In an embodiment of the present disclosure, when the at least one processor 203 detects an event in which a user input button is pressed according to an operation event of the user pushing the corresponding input button to empty the dust bin 110, the at least one processor 203 may turn on the second switch unit, as the second switch unit is turned on, the battery 150 and the battery processor 1551 of the cleaner body 1000 may be activated, and the activated battery processor 1551 may turn on the first switch unit to activate the main processor 1011 of the cleaner body 1000. In an embodiment of the present disclosure, in the absence of the second switch unit, when the at least one processor 203 detects an event in which a user input button is pressed according to an operation event in which the user pushes the corresponding input button to empty the dust bin 110 of the cleaner body 1000, the at least one processor 203 may transmit a control signal corresponding to the operation event to the battery processor 1551 of the cleaner body 1000, and the battery processor 1551 that receives the control signal corresponding to the operation event may turn on, based on the received control signal, the first switch unit connecting the battery 150 to the main processor 1011 and activate the main processor 1011 of the cleaner body 1000. In an embodiment of the present disclosure, in a case in which the battery 150 and the main processor 1011 are always electrically connected to each other without the first switch unit, when an operation event occurs in the station 2000, the at least one processor 203 may detect the operation event, and turn on, based on the detected operation event, the second switch connecting the battery 150 to the station 2000 and activate the cleaner body 1000.

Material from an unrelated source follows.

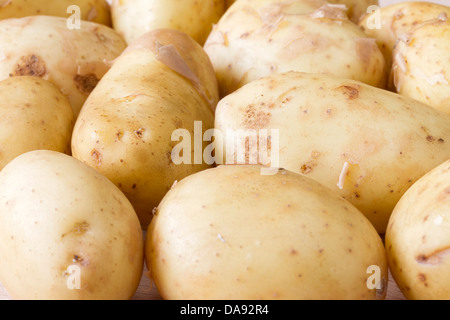 Schließen Sie herauf Bild von Jersey Royal Frühkartoffeln Stockfoto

The linked operation described above is described in greater detail with reference to FIGS. 8A and 9A.

When the first switch of the cleaner body 1000 is turned on, the battery processor 1551 of the cleaner body 1000 and the main processor 1011 of the cleaner body 1000 may be activated. In other words, the main processor 1011 of the cleaner body 1000 may be activated by turning on the second switch unit and activating the battery processor 1551 of the cleaner body 1000 according to the second switch unit so that the battery processor 1551 operates the first switch unit.

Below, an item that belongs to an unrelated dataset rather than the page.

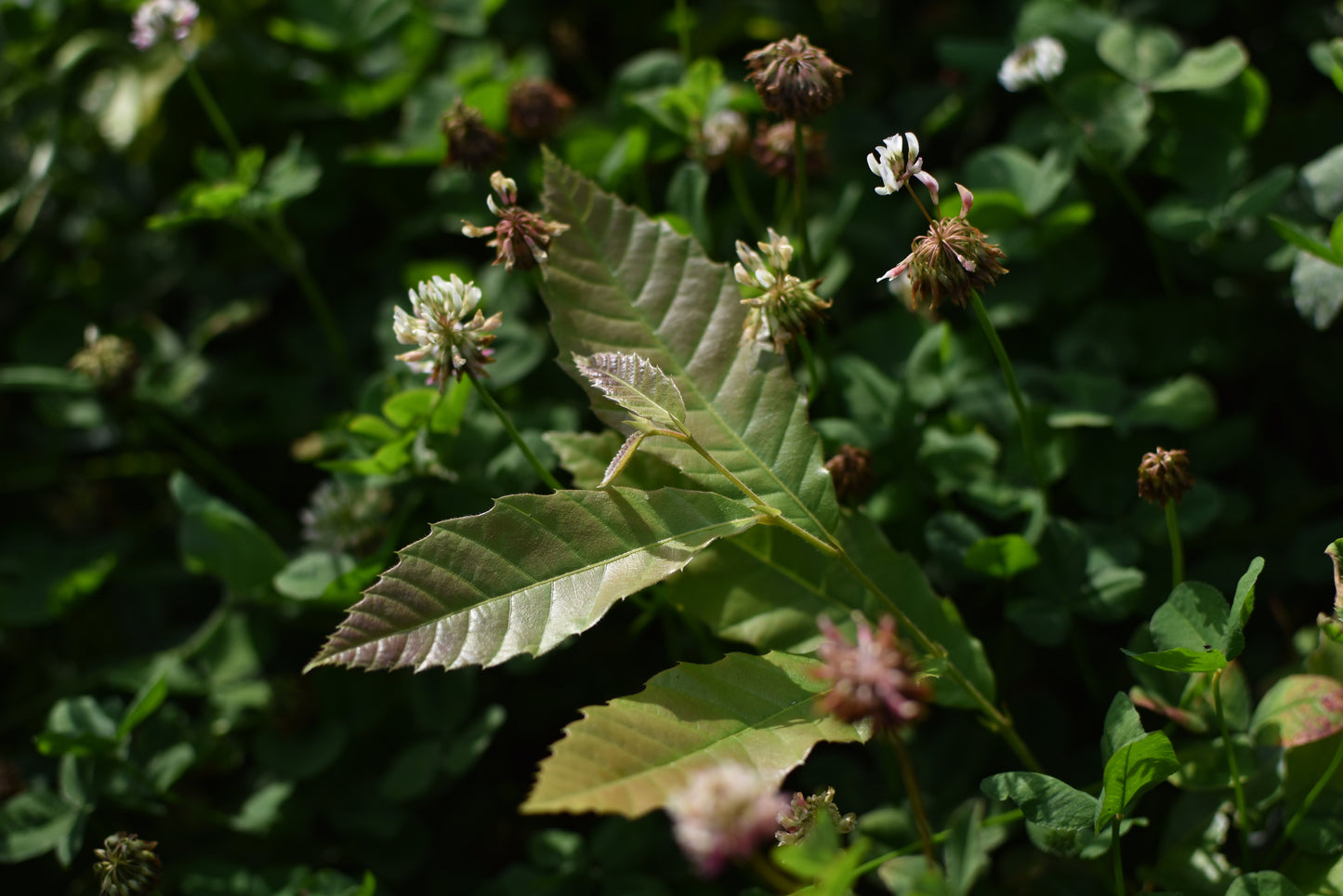 Hybrid chestnut (Castanea X spp.)- Zone 5b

The user interface 204 of the station 2000 may include an input interface and an output interface. The input interface may include a dust discharge button, a mode selection button, or the like that may be input by the user. The output interface may include an LED, an LCD, a touch screen, or the like, but is not limited thereto. The output interface may display a charging amount of the battery 150 of the cleaner body 1000, software update progress information, operation event information, or the like, but is not limited thereto.

The station 2000 may include the wired connector 205. The wired connector 205 may include a terminal for connecting a computing device of a system administrator (e.g., service technician).

The pressure sensor 206 of the station 2000 may be a sensor for measuring pressure of a flow path, which connects the station 2000 to the cleaner body 1000. The pressure sensor 206 may measure a pressure value before dust is discharged or a pressure value after dust is discharged. The pressure sensor 206 may transfer a pressure measurement value to the at least one processor 203 through inter-integrated communication (I2C), but is not limited thereto, and may transfer a pressure measurement value through communication of another type.

The second suction motor 207 of the station 2000 may be a device that generates a suction force for discharging, from the cleaner body 1000, foreign substances collected in the dust bin 110 of the cleaner body 1000. The second suction motor 207 may rotate a suction fan that moves air. The suction fan may include an impeller.

The power supply device 208 may include a switching mode power supply (SMPS) that receives indirect current input power 10 from a power source and converts the received indirect current input power 10 into direct current power. When the cleaner body 1000 is coupled to the station 2000, the direct current power generated by the power supply device 208 may be supplied to the battery 150 of the cleaner body 1000 through the charging terminal 211 so that the battery 150 may be charged.

The charging terminal 211 may be connected to a charging terminal 151 of the cleaner body 1000 and used to charge the battery 150 included in the cleaner body 1000. The charging terminal 211 may be connected to an SMPS of the power supply device 208 and may provide electrical connection for charging the battery 150 with direct current power output from the SMPS.

The dust collector coupling portion may be provided such that the dust bin 110 of the cleaner body 1000 is coupled to the station 2000. When the dust bin 110 is mounted on the dust collector coupling portion, coupling of the cleaner body 1000 and the station 2000 may be completed. The dust collector coupling portion may include a docking detection sensor for detecting coupling or docking of the cleaner body 1000. The docking detection sensor may be a tunnel magneto-resistance (TMR) sensor, but is not limited thereto. The TMR sensor may detect a magnetic material attached to the dust collector to sense whether the cleaner body 1000 is docked. The station 2000 may include a step motor that applies pressure to one side of a dust bin door 114 to open the dust bin door 114 when docked to the station 2000.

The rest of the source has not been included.